- PROBLEM DETAILS: Leave out the pictures and set down the rest of the listing below word for word.

- RAW DATA:
# # # # # # #

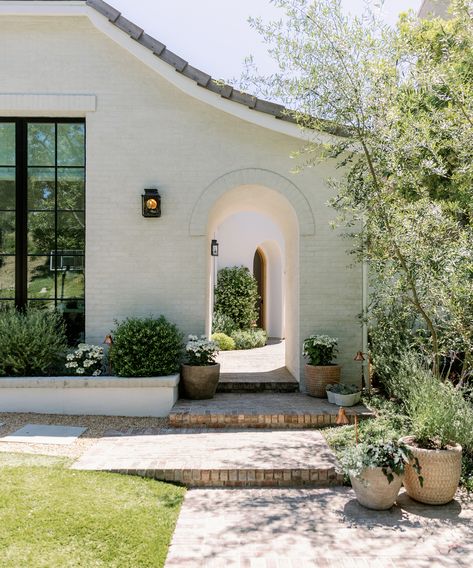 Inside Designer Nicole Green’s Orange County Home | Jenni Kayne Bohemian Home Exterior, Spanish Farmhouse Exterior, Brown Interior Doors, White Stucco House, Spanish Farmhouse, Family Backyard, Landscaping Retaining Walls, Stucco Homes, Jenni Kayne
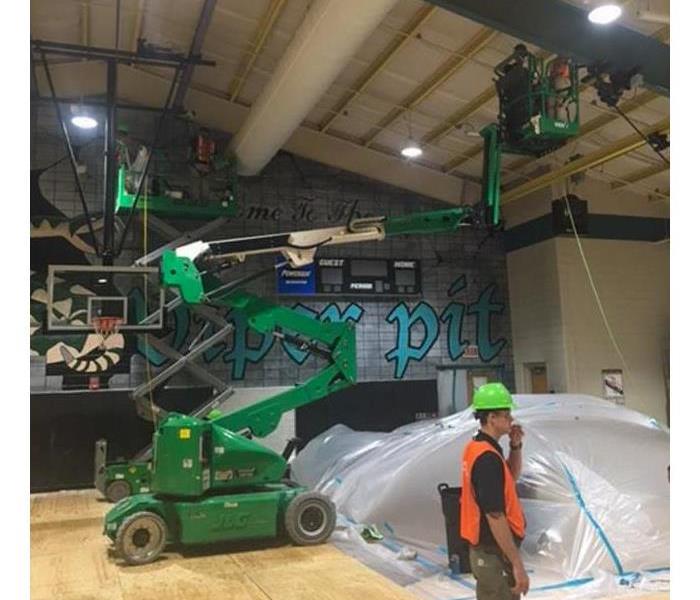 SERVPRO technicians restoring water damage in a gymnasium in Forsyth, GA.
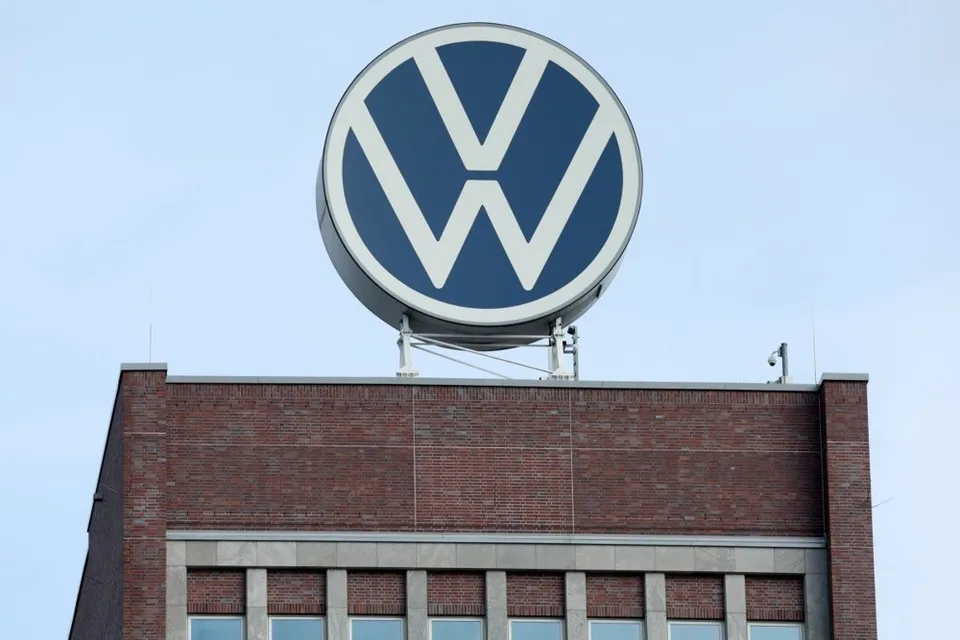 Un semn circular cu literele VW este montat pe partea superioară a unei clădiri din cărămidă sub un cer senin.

# # # # # # #

- SOLUTION TO THIS EXERCISE:
 Inside Designer Nicole Green’s Orange County Home | Jenni Kayne Bohemian Home Exterior, Spanish Farmhouse Exterior, Brown Interior Doors, White Stucco House, Spanish Farmhouse, Family Backyard, Landscaping Retaining Walls, Stucco Homes, Jenni Kayne
 SERVPRO technicians restoring water damage in a gymnasium in Forsyth, GA.
 Un semn circular cu literele VW este montat pe partea superioară a unei clădiri din cărămidă sub un cer senin.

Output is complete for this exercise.